[Collection entries]
-------

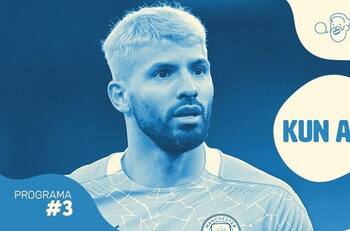 Sergio Agüero será el tercer invitado de Ibai Llanos en "Charlando Tranquilamente"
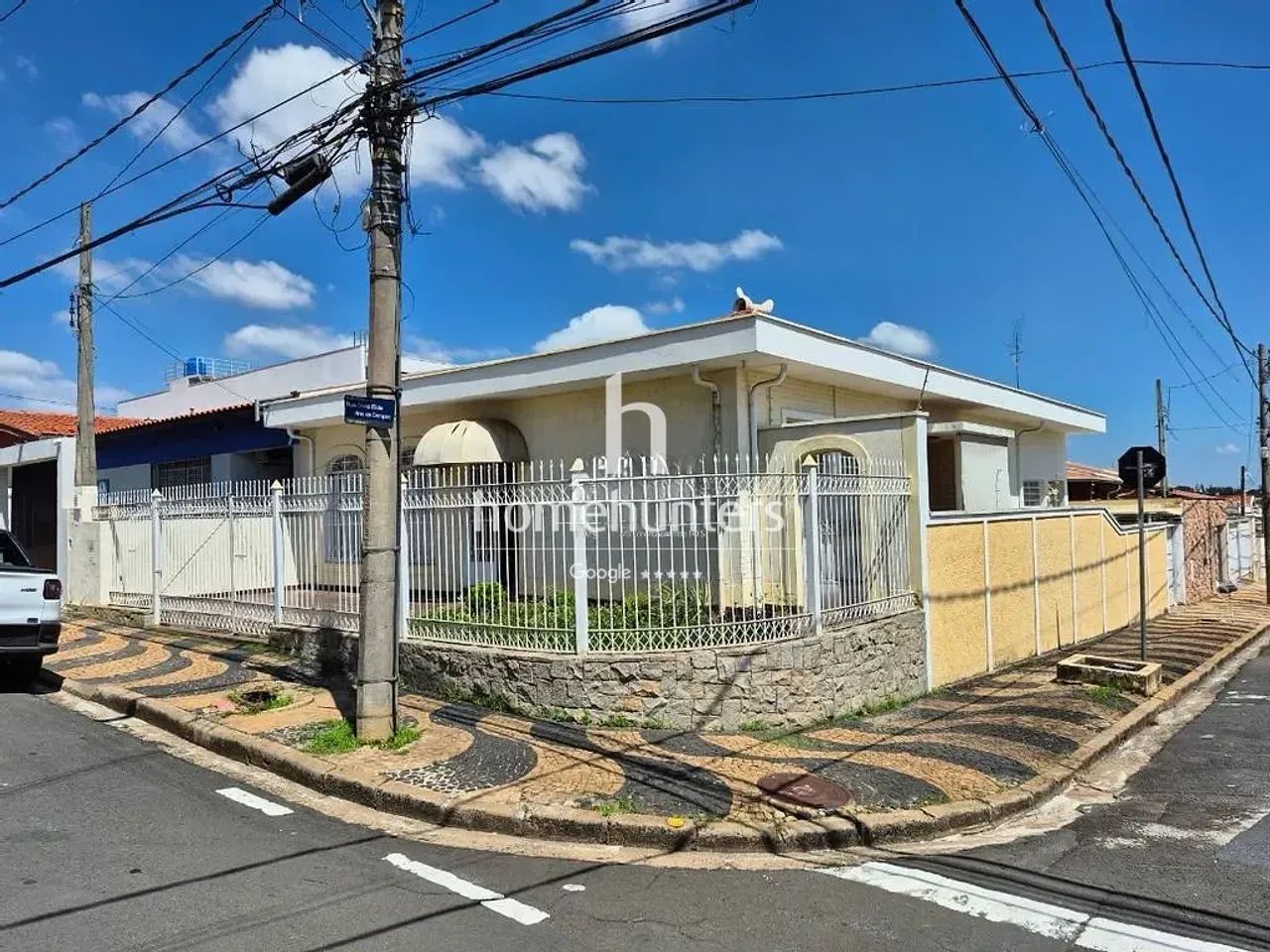 Casa térrea de esquina para venda e locação, Taquaral , Campinas, SP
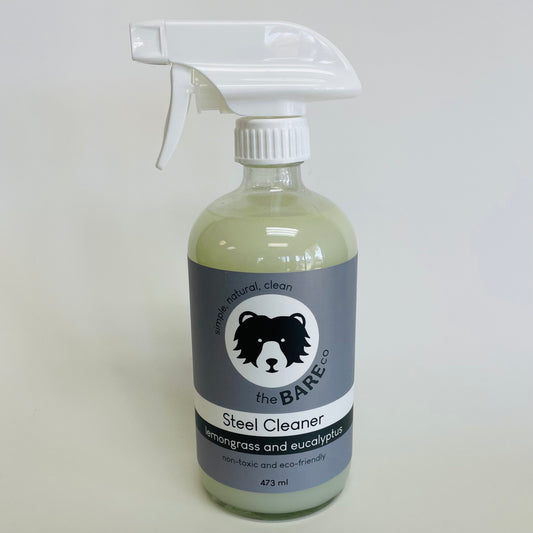 Bare Co Steel Cleaner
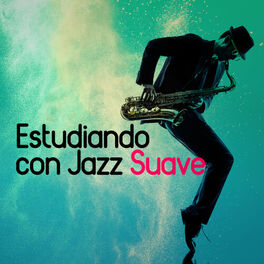 Album cover of Estudiando Con Jazz Suave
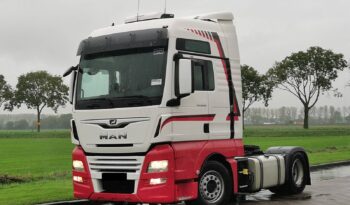 MAN – 18.500 TGX XXL  2018 lleno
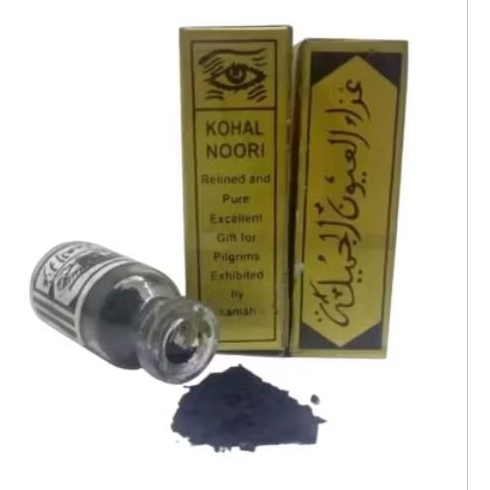 Bubuk Celak Kohal Noori/ Bubuk Celak Arab Original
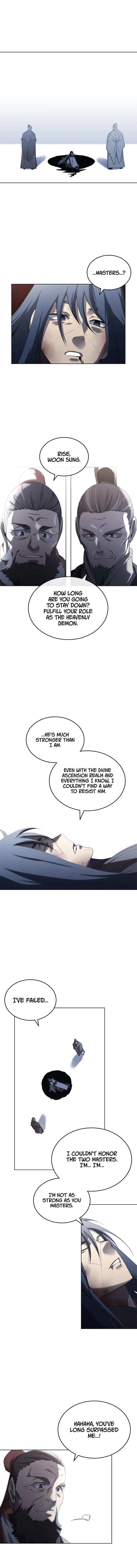 Read Heavenly Demon Reborn En Manga Online
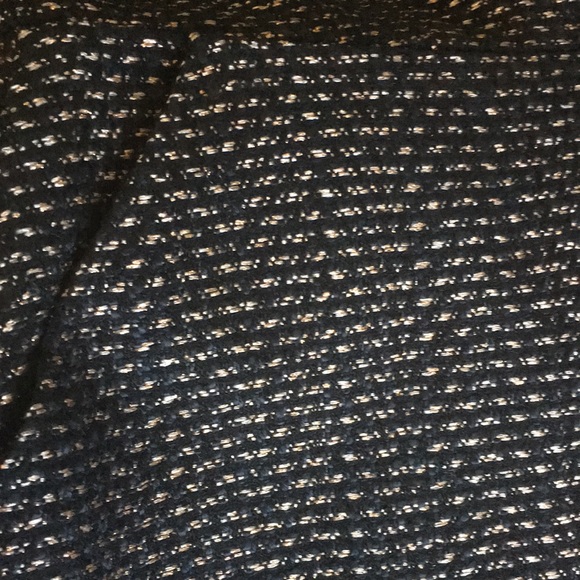 The Limited Cocktail Party Dress, Black Lace and Black & Rose Gold, size 8 - Picture 7 of 13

-------

● **What is required**:
Restate word for word the lines from the line with "Casa térrea de" to the last line of the records above, inclusive, and omit every picture.

● **Finished exercise**:
 Casa térrea de esquina para venda e locação, Taquaral , Campinas, SP
 Bare Co Steel Cleaner
 Album cover of Estudiando Con Jazz Suave
 MAN – 18.500 TGX XXL  2018 lleno
 Bubuk Celak Kohal Noori/ Bubuk Celak Arab Original
 Read Heavenly Demon Reborn En Manga Online
 The Limited Cocktail Party Dress, Black Lace and Black & Rose Gold, size 8 - Picture 7 of 13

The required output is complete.